GPT-4 was dat bijvoorbeeld correct kunnen beantwoorden 86% van de vragen gaat over grootschalig multitask-taalbegrip – een benchmark die de prestaties meet op meerkeuzetoetsen in een reeks academische vakken op universitair niveau.

Ook daarin scoorde het gunstig AgentBench, een hulpmiddel dat het vermogen van een groot taalmodel kan meten om zich als agent te gedragen door bijvoorbeeld op internet te surfen, online producten te kopen en in games te concurreren.

Is de Turingtest nog relevant?

De Turing-test is een maatstaf voor imitatie – van het vermogen van AI om menselijk gedrag te simuleren.
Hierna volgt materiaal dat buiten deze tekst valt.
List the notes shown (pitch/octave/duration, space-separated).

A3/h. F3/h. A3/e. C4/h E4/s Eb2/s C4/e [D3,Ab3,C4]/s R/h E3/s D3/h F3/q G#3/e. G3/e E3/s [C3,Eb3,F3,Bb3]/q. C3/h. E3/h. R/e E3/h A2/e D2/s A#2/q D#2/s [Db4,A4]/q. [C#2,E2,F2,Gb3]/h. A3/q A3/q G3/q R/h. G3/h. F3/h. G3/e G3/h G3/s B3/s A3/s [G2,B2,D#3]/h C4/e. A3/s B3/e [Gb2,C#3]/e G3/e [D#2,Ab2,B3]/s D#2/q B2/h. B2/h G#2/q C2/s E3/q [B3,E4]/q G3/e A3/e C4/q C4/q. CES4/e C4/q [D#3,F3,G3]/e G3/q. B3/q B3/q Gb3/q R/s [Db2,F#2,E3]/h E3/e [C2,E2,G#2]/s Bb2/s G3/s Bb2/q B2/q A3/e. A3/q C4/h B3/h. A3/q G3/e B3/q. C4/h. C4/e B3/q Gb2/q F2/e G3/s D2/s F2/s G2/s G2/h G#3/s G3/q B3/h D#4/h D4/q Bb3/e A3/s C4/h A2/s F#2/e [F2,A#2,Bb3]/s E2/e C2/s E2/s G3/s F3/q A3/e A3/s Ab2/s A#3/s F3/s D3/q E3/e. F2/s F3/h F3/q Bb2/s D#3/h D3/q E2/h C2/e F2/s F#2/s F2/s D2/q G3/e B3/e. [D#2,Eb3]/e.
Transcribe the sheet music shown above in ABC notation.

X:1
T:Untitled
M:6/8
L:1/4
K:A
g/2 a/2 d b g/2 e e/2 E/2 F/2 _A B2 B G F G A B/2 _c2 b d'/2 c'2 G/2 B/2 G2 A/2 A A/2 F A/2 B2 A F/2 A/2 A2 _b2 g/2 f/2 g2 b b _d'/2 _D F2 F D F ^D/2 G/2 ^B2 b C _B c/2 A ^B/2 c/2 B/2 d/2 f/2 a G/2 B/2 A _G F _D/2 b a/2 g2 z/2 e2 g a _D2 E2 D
Grote taalmodellen zijn deskundige navolgers, wat nu tot uiting komt in hun potentieel om de Turing-test te doorstaan. Maar intelligentie is niet hetzelfde als imitatie.

Er zijn net zoveel soorten intelligentie als er doelen zijn die bereikt moeten worden. De beste manier om de intelligentie van AI te begrijpen, is door de voortgang bij de ontwikkeling van een reeks belangrijke capaciteiten te monitoren.

Tegelijkertijd is het belangrijk dat we niet steeds “de doelpalen veranderen” als het gaat om de vraag of AI intelligent is. Omdat de mogelijkheden van AI snel verbeteren, vinden critici van het idee van AI-intelligentie voortdurend nieuwe taken die AI-systemen misschien moeilijk kunnen voltooien – om er vervolgens achter te komen dat ze er overheen zijn gesprongen nog een hindernis.

In deze context is de relevante vraag niet of AI-systemen intelligent zijn, maar preciezer: wat soorten van de intelligentie die ze kunnen hebben.The Conversation

Simon Goldstein, Universitair hoofddocent, Dianoia Institute of Philosophy, Australian Catholic University, Australian Catholic University en Cameron Domenico Kirk-Giannini, Universitair Docent Filosofie, Rutgers University

Dit artikel is opnieuw gepubliceerd vanaf The Conversation onder een Creative Commons-licentie. Lees de originele artikel.